**Data extract:**
################
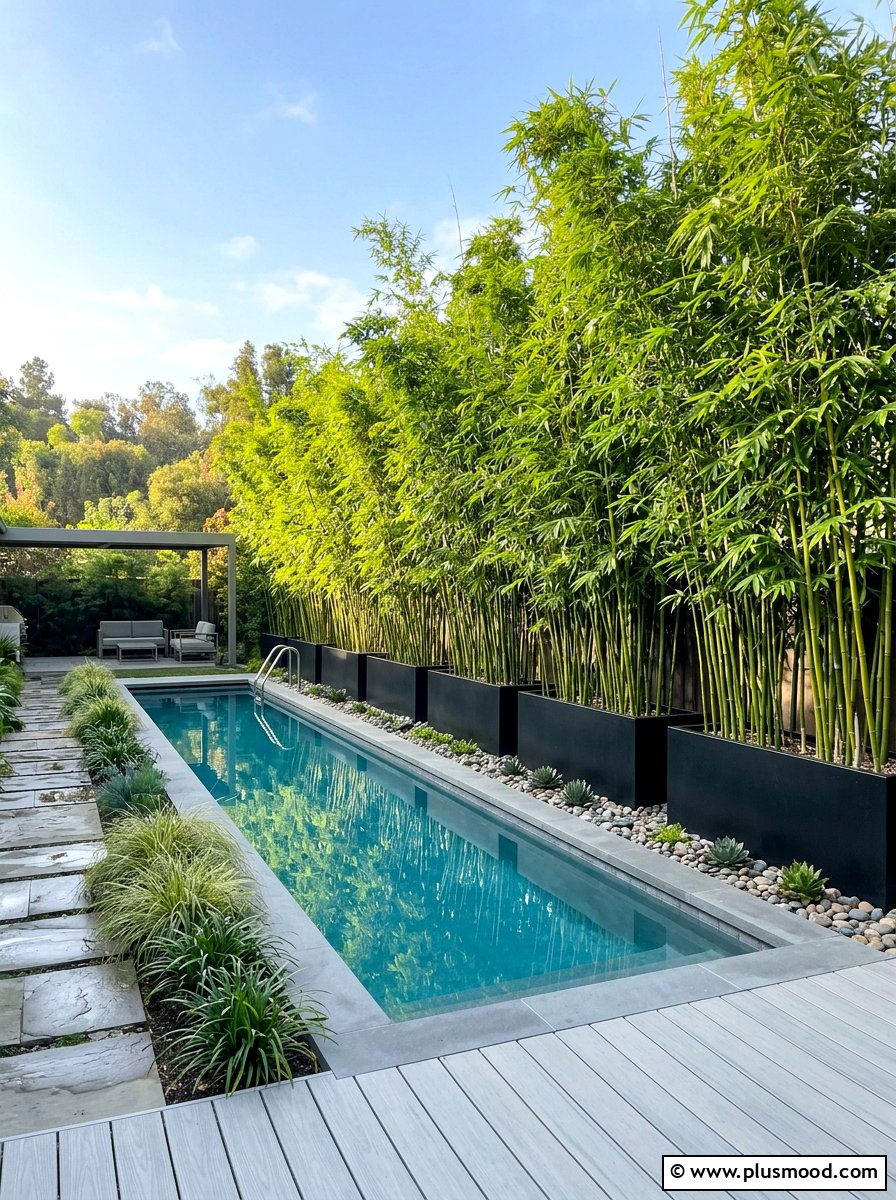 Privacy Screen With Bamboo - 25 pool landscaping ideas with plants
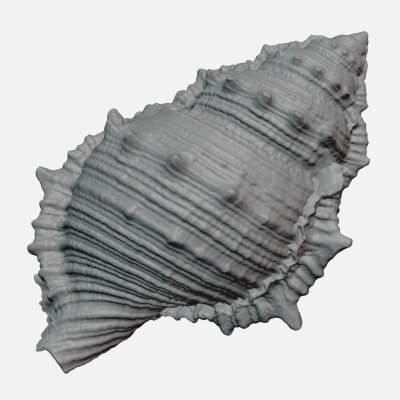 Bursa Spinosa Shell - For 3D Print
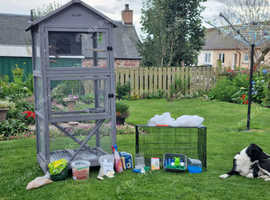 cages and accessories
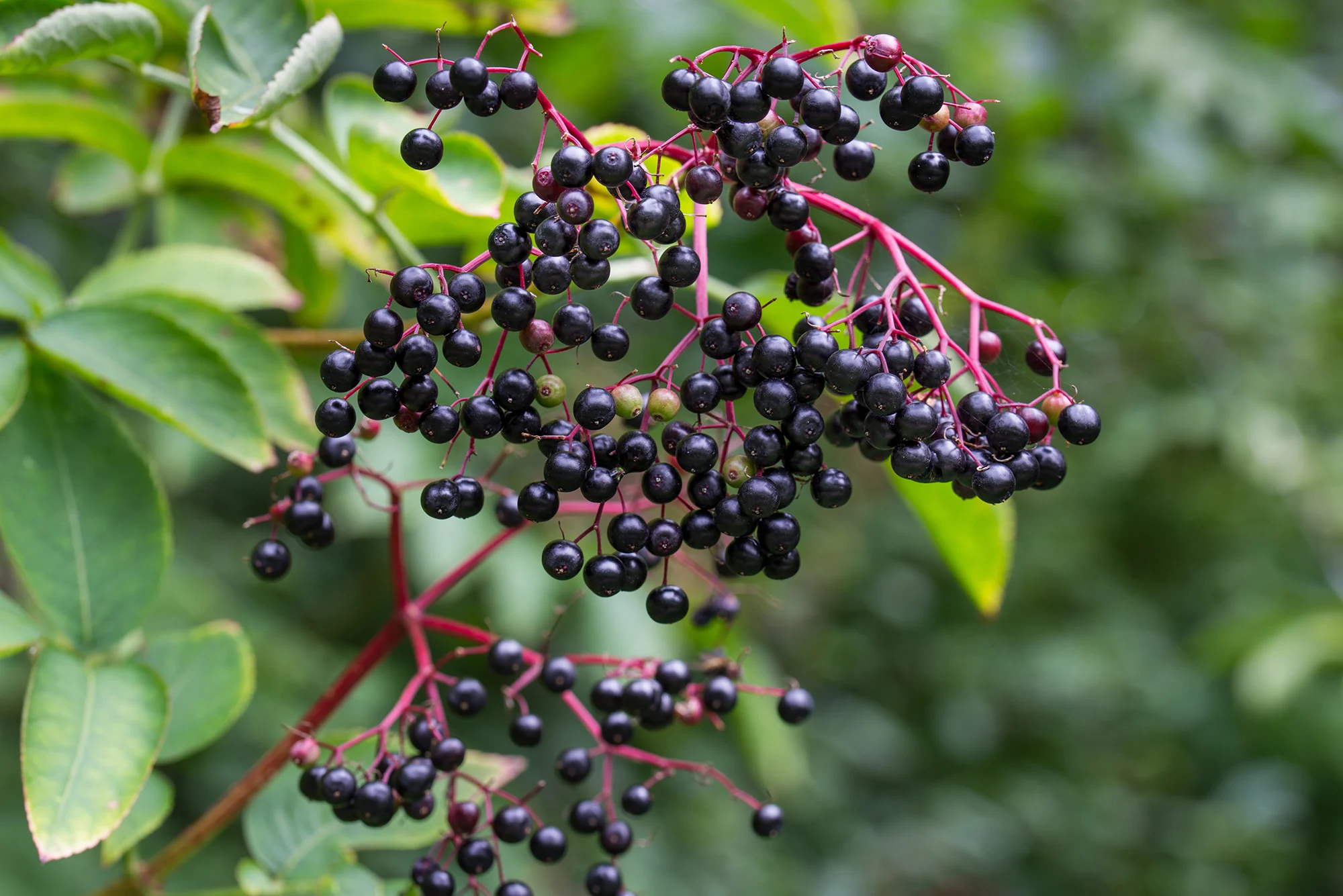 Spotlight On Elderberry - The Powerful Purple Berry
################
**Exercise requirements:** When you reproduce the data shown above, keep each line exact and omit every picture.

**Solution to this exercise:**
 Privacy Screen With Bamboo - 25 pool landscaping ideas with plants
 Bursa Spinosa Shell - For 3D Print
 cages and accessories
 Spotlight On Elderberry - The Powerful Purple Berry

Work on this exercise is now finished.